───── DATASET RECORDS
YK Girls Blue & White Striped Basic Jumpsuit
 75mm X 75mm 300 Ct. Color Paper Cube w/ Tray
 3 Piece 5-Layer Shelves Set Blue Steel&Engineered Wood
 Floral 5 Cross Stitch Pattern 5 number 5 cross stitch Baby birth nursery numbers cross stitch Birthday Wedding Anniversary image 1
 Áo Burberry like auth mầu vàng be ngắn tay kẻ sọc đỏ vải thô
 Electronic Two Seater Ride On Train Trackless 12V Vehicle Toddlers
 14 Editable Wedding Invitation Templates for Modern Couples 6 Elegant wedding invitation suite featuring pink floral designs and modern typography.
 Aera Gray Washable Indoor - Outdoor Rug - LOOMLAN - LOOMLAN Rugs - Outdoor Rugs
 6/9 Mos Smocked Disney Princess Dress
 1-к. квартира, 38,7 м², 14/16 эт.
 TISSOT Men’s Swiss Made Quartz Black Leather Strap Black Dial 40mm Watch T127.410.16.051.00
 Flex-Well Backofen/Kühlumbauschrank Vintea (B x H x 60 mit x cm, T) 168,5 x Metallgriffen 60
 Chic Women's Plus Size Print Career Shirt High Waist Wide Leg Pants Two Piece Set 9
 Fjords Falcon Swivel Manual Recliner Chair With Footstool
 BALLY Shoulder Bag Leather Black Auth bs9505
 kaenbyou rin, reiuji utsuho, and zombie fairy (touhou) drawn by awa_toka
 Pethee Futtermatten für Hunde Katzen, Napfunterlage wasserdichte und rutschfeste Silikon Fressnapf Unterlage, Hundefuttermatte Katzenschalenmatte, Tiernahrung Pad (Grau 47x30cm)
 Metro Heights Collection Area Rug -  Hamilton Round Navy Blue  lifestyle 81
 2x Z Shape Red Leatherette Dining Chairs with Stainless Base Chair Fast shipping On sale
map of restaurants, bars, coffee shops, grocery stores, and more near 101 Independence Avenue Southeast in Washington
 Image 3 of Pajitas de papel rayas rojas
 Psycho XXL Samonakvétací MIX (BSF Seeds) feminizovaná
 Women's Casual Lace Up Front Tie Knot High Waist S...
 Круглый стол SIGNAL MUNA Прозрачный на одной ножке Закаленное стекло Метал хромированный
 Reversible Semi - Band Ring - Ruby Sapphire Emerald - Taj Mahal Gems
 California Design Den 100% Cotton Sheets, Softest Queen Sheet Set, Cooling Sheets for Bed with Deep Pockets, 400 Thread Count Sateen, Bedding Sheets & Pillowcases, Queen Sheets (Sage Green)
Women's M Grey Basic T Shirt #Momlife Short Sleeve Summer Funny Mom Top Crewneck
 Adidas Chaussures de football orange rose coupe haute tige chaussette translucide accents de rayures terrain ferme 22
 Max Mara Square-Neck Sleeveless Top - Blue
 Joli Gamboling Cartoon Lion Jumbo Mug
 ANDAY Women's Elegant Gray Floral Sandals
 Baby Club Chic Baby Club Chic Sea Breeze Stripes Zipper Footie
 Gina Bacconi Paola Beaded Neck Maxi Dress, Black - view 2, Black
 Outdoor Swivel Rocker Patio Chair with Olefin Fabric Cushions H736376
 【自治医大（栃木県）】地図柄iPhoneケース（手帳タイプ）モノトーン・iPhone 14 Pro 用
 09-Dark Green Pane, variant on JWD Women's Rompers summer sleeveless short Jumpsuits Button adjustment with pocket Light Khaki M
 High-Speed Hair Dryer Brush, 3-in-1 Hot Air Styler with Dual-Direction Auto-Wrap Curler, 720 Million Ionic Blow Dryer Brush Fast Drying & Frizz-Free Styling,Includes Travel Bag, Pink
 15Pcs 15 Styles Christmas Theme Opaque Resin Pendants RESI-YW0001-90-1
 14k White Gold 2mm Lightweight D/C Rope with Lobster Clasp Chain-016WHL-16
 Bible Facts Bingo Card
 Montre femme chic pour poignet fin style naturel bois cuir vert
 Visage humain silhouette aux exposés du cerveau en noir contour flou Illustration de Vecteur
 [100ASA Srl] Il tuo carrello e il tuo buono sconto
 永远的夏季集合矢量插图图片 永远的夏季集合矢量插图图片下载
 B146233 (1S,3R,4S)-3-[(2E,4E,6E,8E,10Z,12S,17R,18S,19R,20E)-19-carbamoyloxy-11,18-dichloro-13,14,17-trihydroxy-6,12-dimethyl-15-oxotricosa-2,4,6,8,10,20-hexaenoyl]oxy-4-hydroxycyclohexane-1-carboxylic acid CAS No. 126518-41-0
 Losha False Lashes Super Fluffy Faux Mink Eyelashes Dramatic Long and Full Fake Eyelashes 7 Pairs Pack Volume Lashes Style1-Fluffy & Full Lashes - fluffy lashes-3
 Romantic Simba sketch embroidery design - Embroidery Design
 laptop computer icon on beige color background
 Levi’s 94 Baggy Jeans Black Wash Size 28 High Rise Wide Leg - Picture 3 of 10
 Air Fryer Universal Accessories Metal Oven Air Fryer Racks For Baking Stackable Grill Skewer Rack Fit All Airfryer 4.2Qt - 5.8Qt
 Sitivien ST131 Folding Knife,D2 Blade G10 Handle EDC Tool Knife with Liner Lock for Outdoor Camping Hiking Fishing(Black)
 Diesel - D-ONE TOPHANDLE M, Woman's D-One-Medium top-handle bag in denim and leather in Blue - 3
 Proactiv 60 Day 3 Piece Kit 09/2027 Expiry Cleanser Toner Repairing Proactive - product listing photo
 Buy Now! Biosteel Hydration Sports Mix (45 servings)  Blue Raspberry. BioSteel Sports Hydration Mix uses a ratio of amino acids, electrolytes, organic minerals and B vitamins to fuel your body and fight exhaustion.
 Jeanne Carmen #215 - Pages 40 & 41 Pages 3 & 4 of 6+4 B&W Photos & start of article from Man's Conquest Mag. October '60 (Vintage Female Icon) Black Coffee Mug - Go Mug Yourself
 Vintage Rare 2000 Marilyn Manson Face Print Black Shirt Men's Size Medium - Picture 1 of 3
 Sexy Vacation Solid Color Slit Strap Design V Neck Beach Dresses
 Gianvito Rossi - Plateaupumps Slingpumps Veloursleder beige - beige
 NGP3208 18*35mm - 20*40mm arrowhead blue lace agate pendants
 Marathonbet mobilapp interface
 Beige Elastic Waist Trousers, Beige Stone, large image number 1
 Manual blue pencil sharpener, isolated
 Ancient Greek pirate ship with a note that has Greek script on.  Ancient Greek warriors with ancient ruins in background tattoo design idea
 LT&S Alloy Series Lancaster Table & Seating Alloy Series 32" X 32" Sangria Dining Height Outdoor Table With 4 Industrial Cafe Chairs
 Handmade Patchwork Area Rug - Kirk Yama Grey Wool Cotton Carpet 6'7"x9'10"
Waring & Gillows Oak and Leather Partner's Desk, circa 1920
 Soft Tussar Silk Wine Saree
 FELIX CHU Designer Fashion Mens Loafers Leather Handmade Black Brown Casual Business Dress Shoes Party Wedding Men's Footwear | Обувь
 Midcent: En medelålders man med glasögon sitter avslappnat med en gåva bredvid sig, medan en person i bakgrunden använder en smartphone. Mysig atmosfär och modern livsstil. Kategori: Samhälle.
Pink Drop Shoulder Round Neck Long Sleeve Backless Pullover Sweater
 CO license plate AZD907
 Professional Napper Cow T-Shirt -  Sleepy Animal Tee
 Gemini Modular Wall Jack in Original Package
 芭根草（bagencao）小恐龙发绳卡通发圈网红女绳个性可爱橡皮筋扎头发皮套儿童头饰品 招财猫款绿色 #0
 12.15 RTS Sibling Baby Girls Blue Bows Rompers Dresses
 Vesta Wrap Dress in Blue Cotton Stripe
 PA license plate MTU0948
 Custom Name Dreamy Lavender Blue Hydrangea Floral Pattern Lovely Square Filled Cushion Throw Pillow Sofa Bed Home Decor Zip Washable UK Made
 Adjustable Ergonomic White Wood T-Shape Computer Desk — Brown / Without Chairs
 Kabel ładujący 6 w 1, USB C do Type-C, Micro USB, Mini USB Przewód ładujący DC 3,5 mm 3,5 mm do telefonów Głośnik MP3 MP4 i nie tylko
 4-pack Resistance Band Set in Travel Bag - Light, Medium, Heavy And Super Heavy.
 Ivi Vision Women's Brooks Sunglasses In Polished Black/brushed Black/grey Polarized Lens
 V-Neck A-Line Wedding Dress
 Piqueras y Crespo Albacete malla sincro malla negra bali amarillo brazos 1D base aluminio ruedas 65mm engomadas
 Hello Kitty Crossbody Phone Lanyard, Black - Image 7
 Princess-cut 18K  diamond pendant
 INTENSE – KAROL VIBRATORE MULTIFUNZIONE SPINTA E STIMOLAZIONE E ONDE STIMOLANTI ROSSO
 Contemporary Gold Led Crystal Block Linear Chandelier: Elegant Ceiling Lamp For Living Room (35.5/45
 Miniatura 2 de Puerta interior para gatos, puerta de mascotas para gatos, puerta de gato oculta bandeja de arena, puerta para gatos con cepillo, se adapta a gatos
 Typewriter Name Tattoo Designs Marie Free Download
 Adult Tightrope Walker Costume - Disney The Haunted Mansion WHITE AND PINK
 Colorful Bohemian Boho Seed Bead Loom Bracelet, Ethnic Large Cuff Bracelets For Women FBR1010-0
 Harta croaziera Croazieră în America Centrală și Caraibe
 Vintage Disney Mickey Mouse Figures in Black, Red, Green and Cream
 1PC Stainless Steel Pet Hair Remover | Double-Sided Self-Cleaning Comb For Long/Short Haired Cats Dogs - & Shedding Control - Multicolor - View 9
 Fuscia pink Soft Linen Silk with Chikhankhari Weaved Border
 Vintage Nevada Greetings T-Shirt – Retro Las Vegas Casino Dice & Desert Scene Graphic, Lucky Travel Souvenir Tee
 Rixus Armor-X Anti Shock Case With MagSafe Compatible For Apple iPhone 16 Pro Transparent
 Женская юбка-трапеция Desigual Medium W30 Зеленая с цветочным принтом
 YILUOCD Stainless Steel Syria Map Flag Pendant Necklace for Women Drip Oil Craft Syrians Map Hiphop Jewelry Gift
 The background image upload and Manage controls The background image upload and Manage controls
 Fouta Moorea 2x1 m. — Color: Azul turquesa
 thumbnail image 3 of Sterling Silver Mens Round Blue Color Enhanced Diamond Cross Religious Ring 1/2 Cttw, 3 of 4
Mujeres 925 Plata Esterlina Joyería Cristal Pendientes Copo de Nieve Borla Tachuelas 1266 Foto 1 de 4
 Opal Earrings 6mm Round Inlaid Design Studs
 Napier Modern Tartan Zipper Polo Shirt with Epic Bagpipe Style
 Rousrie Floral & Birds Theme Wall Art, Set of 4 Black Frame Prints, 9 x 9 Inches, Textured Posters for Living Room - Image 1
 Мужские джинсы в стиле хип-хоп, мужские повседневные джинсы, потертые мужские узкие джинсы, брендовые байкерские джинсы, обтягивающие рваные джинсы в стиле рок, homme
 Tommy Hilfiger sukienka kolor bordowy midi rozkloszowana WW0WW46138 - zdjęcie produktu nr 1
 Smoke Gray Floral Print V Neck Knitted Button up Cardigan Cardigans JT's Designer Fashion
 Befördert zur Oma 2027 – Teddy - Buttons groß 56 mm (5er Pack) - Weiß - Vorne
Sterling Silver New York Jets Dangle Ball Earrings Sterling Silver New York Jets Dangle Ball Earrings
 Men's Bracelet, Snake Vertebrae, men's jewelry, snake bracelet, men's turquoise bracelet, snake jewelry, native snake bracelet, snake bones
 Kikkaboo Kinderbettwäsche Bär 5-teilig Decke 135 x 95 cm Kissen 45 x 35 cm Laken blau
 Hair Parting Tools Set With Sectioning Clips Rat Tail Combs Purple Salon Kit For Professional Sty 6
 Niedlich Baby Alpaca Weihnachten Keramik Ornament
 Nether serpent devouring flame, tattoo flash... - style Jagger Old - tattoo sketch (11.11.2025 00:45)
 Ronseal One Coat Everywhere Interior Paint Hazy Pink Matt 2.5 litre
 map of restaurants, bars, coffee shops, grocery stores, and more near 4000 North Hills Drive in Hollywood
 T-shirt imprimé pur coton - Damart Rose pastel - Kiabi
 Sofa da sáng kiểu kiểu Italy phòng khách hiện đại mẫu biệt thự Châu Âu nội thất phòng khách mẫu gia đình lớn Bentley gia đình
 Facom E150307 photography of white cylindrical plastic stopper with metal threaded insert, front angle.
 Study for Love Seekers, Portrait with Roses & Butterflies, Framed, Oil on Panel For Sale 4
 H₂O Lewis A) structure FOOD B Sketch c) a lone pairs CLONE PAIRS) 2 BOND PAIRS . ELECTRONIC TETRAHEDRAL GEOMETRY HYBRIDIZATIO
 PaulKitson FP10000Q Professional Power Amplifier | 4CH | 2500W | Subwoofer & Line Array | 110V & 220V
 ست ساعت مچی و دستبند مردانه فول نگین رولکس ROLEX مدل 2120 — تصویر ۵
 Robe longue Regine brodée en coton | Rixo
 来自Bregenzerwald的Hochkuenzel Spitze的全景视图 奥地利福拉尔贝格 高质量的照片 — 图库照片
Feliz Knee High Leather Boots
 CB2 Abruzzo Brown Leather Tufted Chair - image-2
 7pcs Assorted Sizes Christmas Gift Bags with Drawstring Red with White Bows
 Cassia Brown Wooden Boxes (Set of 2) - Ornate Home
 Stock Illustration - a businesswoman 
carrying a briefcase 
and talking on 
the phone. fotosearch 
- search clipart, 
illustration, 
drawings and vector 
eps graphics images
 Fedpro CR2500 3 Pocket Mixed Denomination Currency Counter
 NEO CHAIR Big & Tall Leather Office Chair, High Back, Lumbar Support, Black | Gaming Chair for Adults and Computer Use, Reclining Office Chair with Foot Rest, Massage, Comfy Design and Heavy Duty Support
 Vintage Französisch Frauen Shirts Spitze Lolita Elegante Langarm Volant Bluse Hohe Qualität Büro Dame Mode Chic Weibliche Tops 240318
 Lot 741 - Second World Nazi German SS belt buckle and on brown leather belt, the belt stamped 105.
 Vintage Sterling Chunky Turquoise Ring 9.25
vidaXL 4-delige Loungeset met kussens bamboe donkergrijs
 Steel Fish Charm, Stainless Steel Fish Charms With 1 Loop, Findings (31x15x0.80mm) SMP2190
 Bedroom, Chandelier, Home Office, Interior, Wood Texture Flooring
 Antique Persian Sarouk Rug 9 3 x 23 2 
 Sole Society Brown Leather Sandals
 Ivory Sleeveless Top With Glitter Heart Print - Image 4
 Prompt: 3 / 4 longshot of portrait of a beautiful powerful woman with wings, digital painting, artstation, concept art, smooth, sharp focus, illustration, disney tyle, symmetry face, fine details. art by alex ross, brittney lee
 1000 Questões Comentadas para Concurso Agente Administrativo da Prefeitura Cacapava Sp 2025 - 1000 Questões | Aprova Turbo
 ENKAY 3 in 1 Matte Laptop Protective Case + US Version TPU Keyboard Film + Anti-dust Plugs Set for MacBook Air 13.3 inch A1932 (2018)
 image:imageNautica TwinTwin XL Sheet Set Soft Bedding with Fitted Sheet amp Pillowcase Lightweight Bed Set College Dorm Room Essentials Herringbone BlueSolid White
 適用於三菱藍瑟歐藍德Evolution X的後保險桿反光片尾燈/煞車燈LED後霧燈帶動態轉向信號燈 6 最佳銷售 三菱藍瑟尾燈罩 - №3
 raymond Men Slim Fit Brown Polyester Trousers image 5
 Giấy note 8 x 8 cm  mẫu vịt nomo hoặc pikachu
──────────
=== DESCRIPTION OF THE TASK ===
Set down, unchanged, only those lines above that fall between the line with "[100ASA Srl] Il" and the line with "Losha False Lashes", the two end lines included.

=== TASK ANSWER ===
 [100ASA Srl] Il tuo carrello e il tuo buono sconto
 永远的夏季集合矢量插图图片 永远的夏季集合矢量插图图片下载
 B146233 (1S,3R,4S)-3-[(2E,4E,6E,8E,10Z,12S,17R,18S,19R,20E)-19-carbamoyloxy-11,18-dichloro-13,14,17-trihydroxy-6,12-dimethyl-15-oxotricosa-2,4,6,8,10,20-hexaenoyl]oxy-4-hydroxycyclohexane-1-carboxylic acid CAS No. 126518-41-0
 Losha False Lashes Super Fluffy Faux Mink Eyelashes Dramatic Long and Full Fake Eyelashes 7 Pairs Pack Volume Lashes Style1-Fluffy & Full Lashes - fluffy lashes-3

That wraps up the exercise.